DEV Community

Cover image for Securing ML Workloads in the Cloud and on the Edge
J
J

Posted on • Originally published at Medium

Securing ML Workloads in the Cloud and on the Edge

Machine learning vulnerabilities specific to the cloud and edge environments in which they operate, are not nearly as visible or understood as other areas of cybersecurity today. We can do better.


Abstract

The continued adoption of, and migration to cloud infrastructure is a defining technology theme across enterprises around the world today. Cloud-based, containerized infrastructure brings a host of dynamic capabilities and scalability for businesses of all sizes.

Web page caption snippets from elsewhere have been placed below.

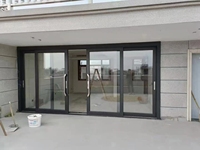 Porte coulissante industrielle robuste en aluminium à rupture de pont thermique, résistante aux ouragans, avec verre insonorisé, pour villa côtière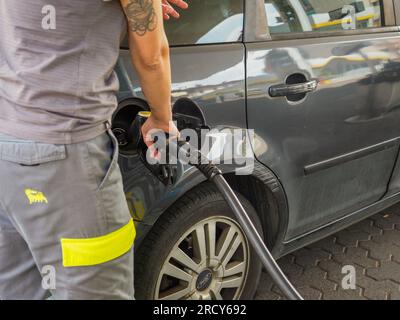 Cremona, Italia - 3 luglio 20223 donna che assiste un cliente presso una moderna pompa di benzina presso la stazione di servizio Eni Agip Foto Stock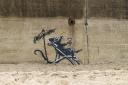One of the new works by Banksy, depicting a rat reclining in a deckchair drinking a cocktail under an umbrella, was painted on a beach wall at Lowestoft in Suffolk. Picture: Banksy/PA Wire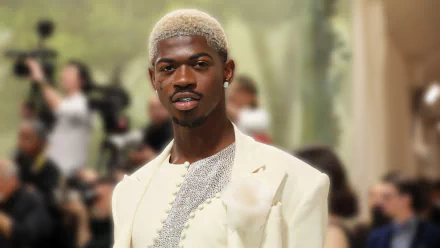 Lil Nas X in a stylish white outfit, set against a blurred background, captured in HD. This image is tagged with music and rapper, and serves as an HD desktop wallpaper and background.
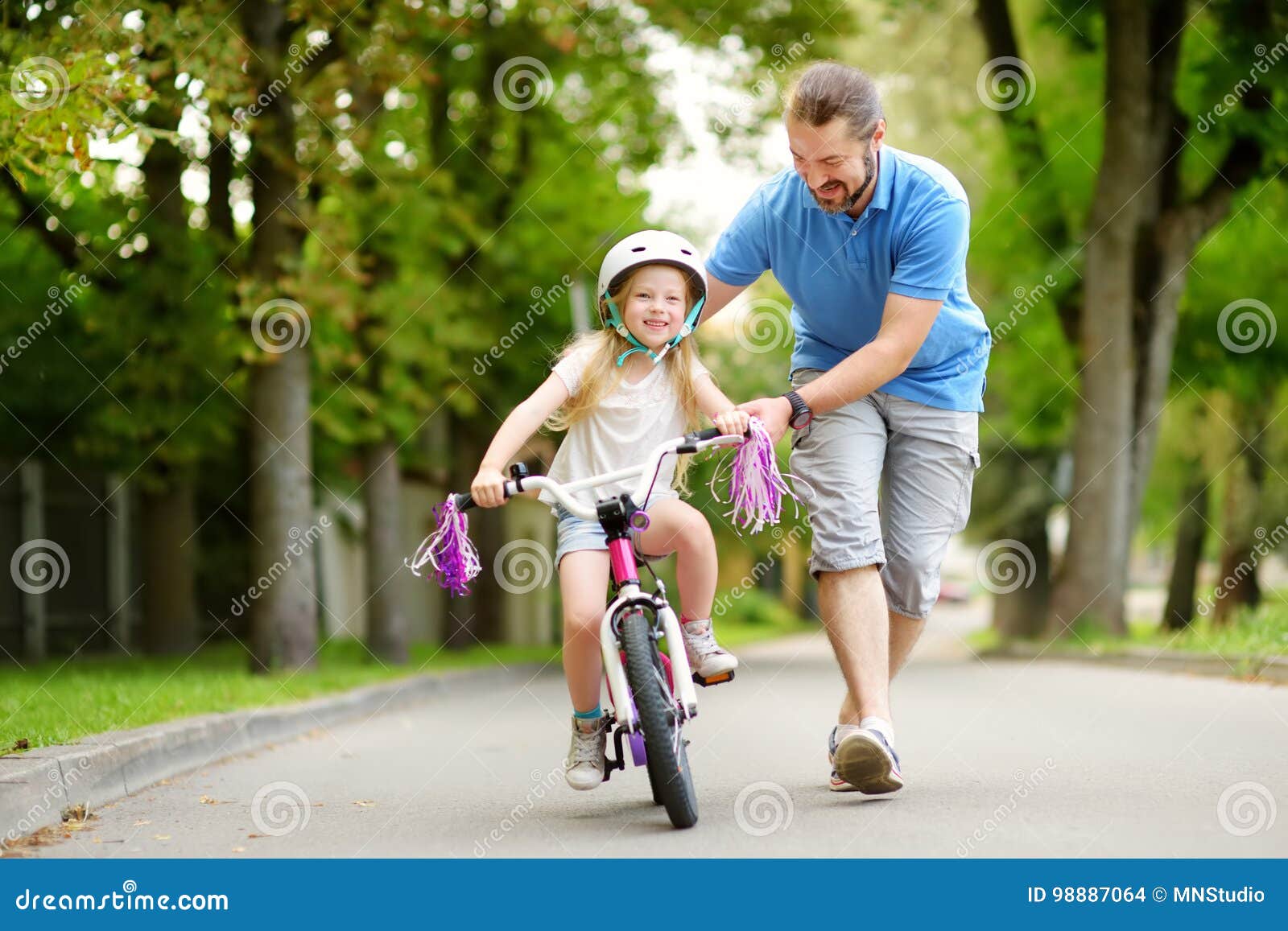 happy father teaching his little daughter to ride a bicycle. child learning to ride a bike.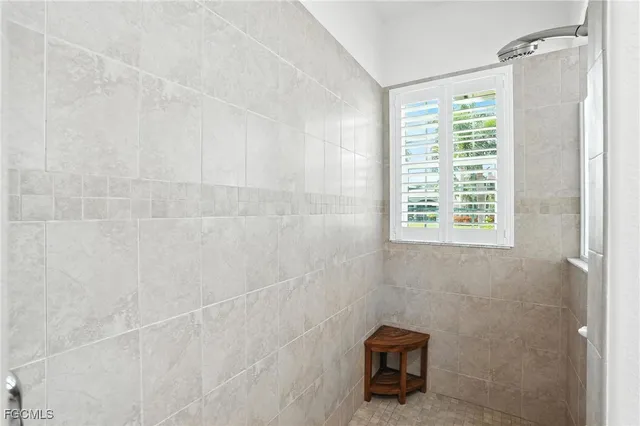 a bedroom with a bed and a chair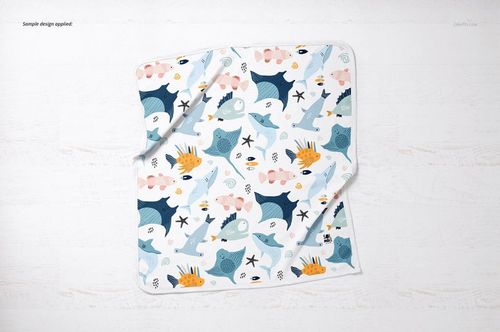 Square cotton baby blanket mockup featuring playful marine creatures in blue, orange, and pink, viewed from above.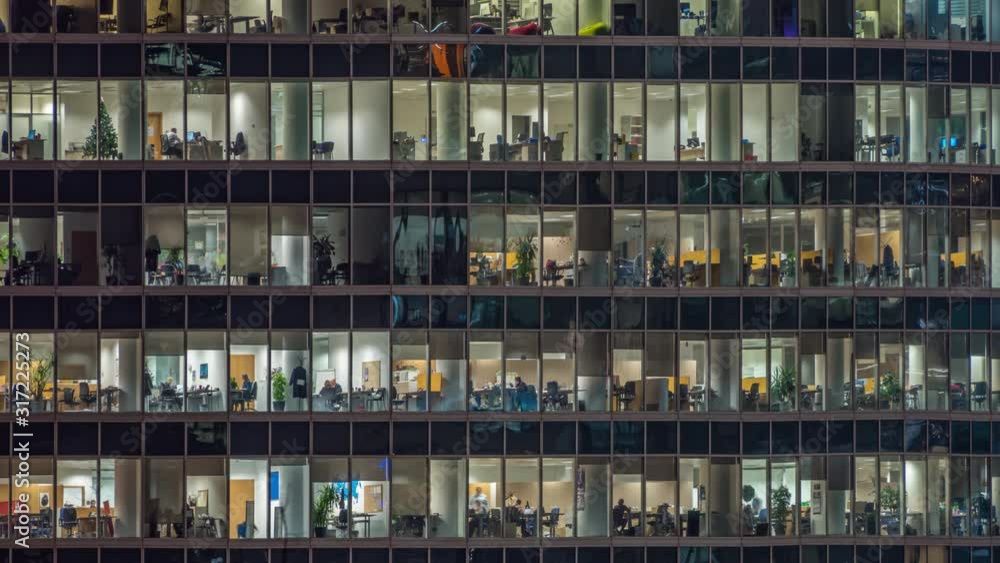 View of office windows with working people View of office windows with working people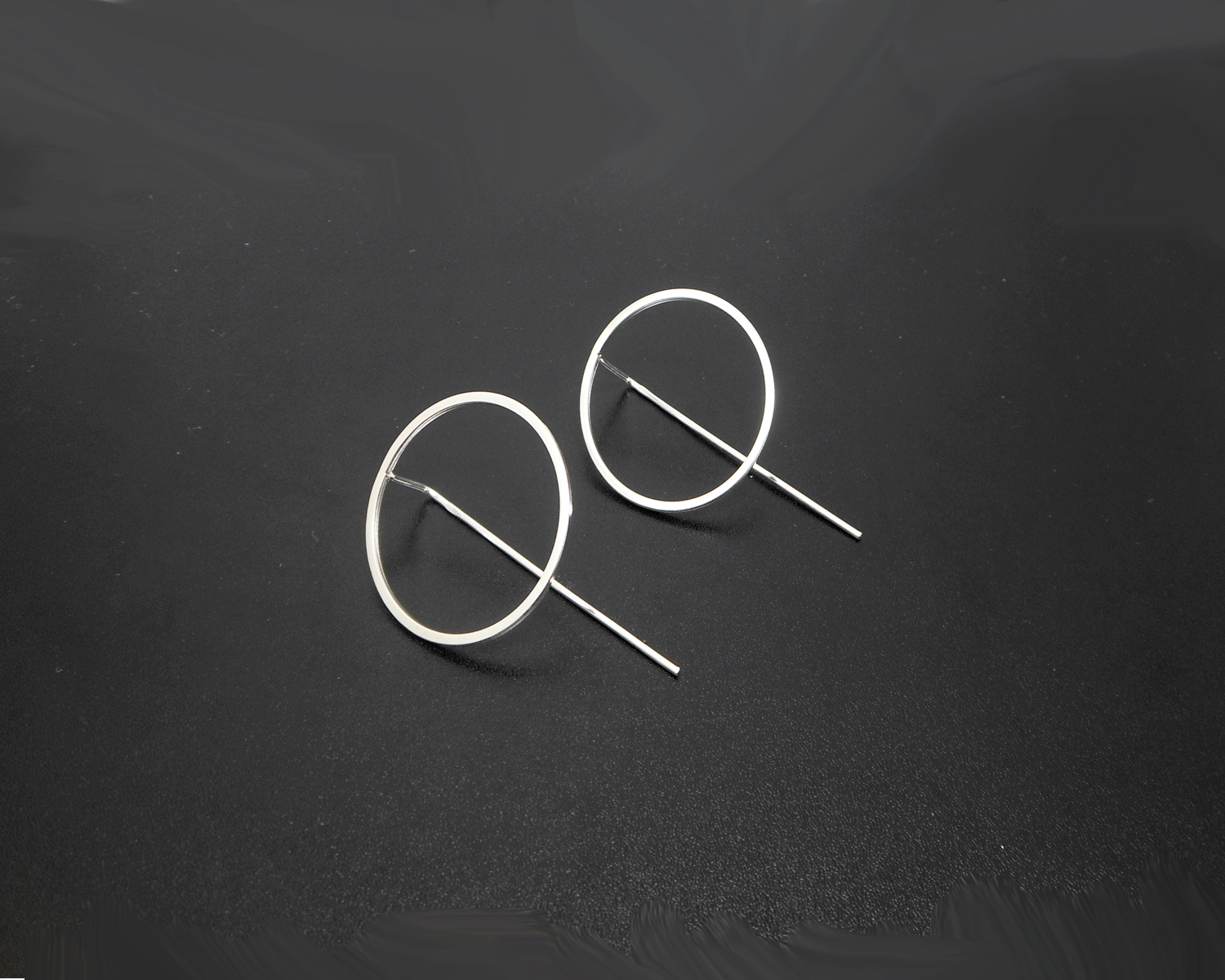 Pair of minimalist circle threader earrings.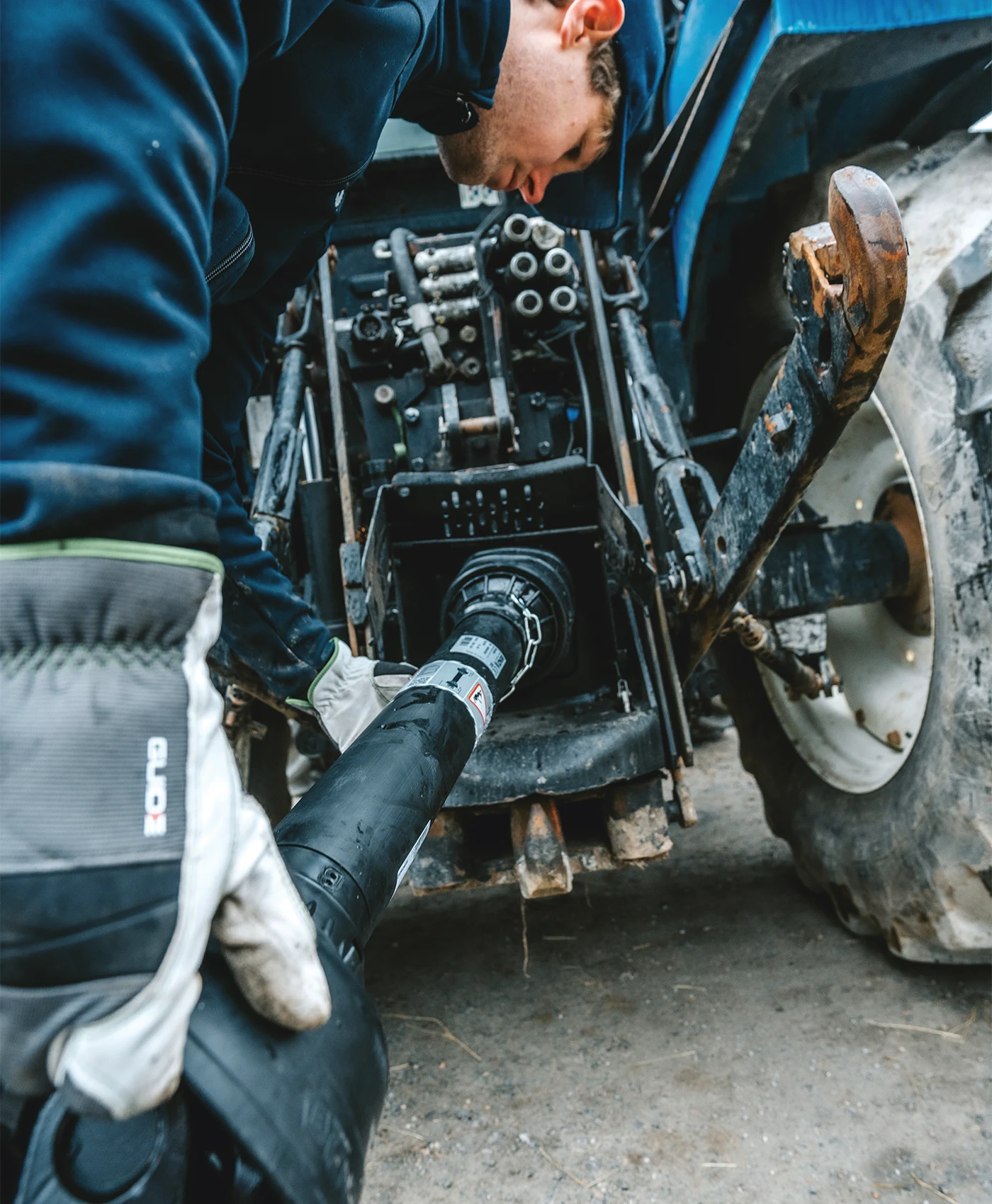 En person monterar en kraft&ouml;verf&ouml;ringsaxel p&aring; en New Holland traktor.
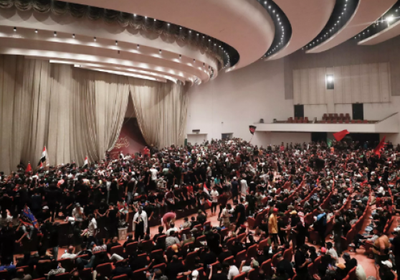 "المندلاوي" العراقي يدعو الحكومة لتنفيذ قرار إخراج القوات الأجنبية من العراق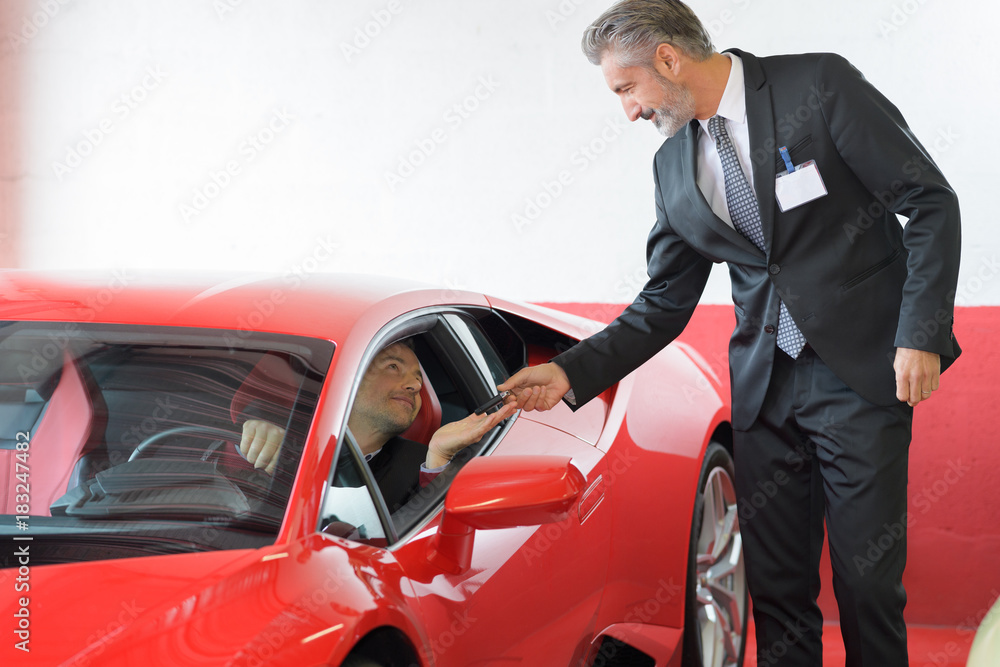 client and seller talking about lamborghini at luxury car dealer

The global cloud computing market size was valued at $368.97 billion in 2021 and is expected to expand at a compound annual growth rate of 15.7% from 2022 to 2030.¹ Similarly, applications of machine learning (ML) — a statistical learning application within the field of artificial intelligence — are finding their way into more and more products and services thanks to rapid cloud computing expansion, cost accessibility, and growing numbers of trained AI/ML data scientists and engineers.²

GCP, Azure, and AWS

Definitions and Scope

Amazon Web Services (AWS), Microsoft Azure, and Google Cloud Platform (GCP) are powerful suites of cloud computing services and the de facto solutions on the market today.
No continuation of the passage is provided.